Big 12 media days are set to open Tuesday in Frisco, and while the league’s annual preseason gathering always brings plenty of football chatter, this year’s backdrop is bigger than any one team. Commissioner Brett Yormark is expected to touch on a few major issues that reach far beyond the usual fall preview, and Iowa State has a clear connection to each one.
The event returns to The Star for a second straight year, with eight schools scheduled for Tuesday and eight more on Wednesday. Arizona State, Baylor, BYU, UCF, Colorado, Houston, Oklahoma State and Texas Tech go first, followed by Arizona, Cincinnati, Iowa State, Kansas, Kansas State, TCU, Utah and West Virginia.
Fans can watch both days on ESPNU from 10 a.m. CT to 3:00 p.m.
CT, with Big 12 Studios simulcasting the event.
One of the biggest subjects hanging over the league is College Football Playoff expansion. The Big 12 has made its position clear: Yormark and many in the conference want the field doubled to 24 teams.
That change would bring five rounds, with the top eight seeds getting byes. Automatic qualifiers for conference champions would disappear, and league title games would likely go with them.
The format would also shift two rounds of games, 16 total, onto campus.
Iowa State athletic director Jamie Pollard has not sounded nearly as eager. This spring, during the Cyclone Tailgate Tour, he said, "I'd support the SEC [in staying at 12].
The devil's in the details," Pollard said during the Cyclone Tailgate Tour. "Twenty-four sounds like a great formula, except you haven't explained any of the details.
And, as we all know, the details are typically what trip you up."
Pollard’s concern is straightforward: does a bigger playoff actually make financial sense, especially if it wipes out revenue from conference championship games?

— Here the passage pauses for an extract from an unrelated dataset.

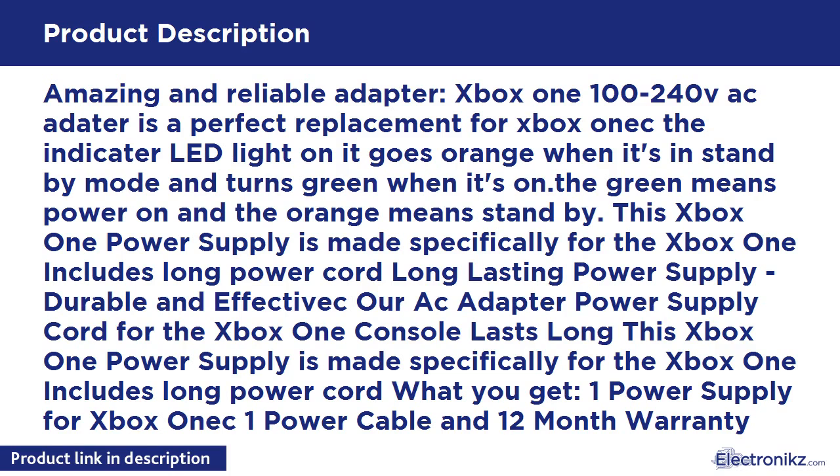Green means power on and orange means standby. This Xbox One Power Supply is made specifically for the Xbox One. Includes Long Power Cord, Long Lasting Power Supply, Durable and Effective AC Adapter Power Supply Cord for the Xbox One Console. Lasts long. Includes Long Power Cord. What you get: one Power Supply for Xbox One, one Power Cable, and 12 Month Warranty.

First-year Iowa State coach Jimmy Rogers brings a different perspective. He has lived through a 24-team postseason format at South Dakota State, where he won the FCS championship in 2023 and made another deep run in 2024 before moving to Washington State for the 2025 season and then to Iowa State for 2026. Rogers said the model works.
"I love it," Rogers said at the same Tailgate Tour stop. "Obviously, coming from the level of FCS and understanding that, I think that once you get in, anybody can knock people off. And, so, it's really important to grow throughout the year and not give up on the season."

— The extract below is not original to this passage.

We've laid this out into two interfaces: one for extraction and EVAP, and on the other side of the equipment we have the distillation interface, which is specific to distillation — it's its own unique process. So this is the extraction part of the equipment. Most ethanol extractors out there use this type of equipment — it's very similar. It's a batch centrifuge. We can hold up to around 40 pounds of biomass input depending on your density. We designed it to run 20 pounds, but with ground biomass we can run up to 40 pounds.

The other major issue is the Protect College Sports Act, a bill that could move forward only if it clears a full Senate vote before the August recess. Introduced by Sen.
Ted Cruz and Sen. Maria Cantwell, the legislation would let the NCAA limit transfers and eligibility, enforce a spending cap, allow conferences to pool TV rights and stop coaches from leaving before the season ends.
The Big 12, ACC and several smaller leagues support it. The Big Ten and SEC want changes, including language that would block media-rights pooling and add stronger antitrust protection to reduce lawsuits against schools, conferences or the NCAA. Pollard, meanwhile, has been openly irritated by schools that have not followed College Sports Commission rules tied to the House settlement.
"If you didn't want rules, then why did you create this entity. That's what's frustrating to me. The same people that say they want rules, only want rules that don't apply to them," Pollard said.
Even with momentum behind the idea of a federal college sports law, the road is still long. The bill needs 60 votes in the Senate, and there is no guarantee it would clear the House after that.
Then there’s the Big 12’s own internal mess from the Brendan Sorsby saga, a situation that briefly split the conference into a 1 vs. 15 fight. Texas Tech was prepared to play Sorsby despite his admission that he had gambled on his own Indiana teams earlier in his career. He received an injunction from a local judge, and Texas Tech backed him, but the rest of college athletics did not.
Yormark was left balancing Texas Tech’s position against the other 15 members. He sided with the majority, and the Big 12 filed a lawsuit that would have let the league handle the matter itself.
In the end, the whole thing resolved without a showdown. Sorsby opted to leave college football and will now prepare for the 2027 NFL Draft after the league declined to hold a supplemental draft this year.
Still, the episode left a mark. A majority of the conference was unhappy with Texas Tech’s support of Sorsby, and while many would have accepted the school helping him through recovery, putting him on the field despite the gambling addiction crossed a line for them. The question now is whether the league has fully repaired itself before the new season begins.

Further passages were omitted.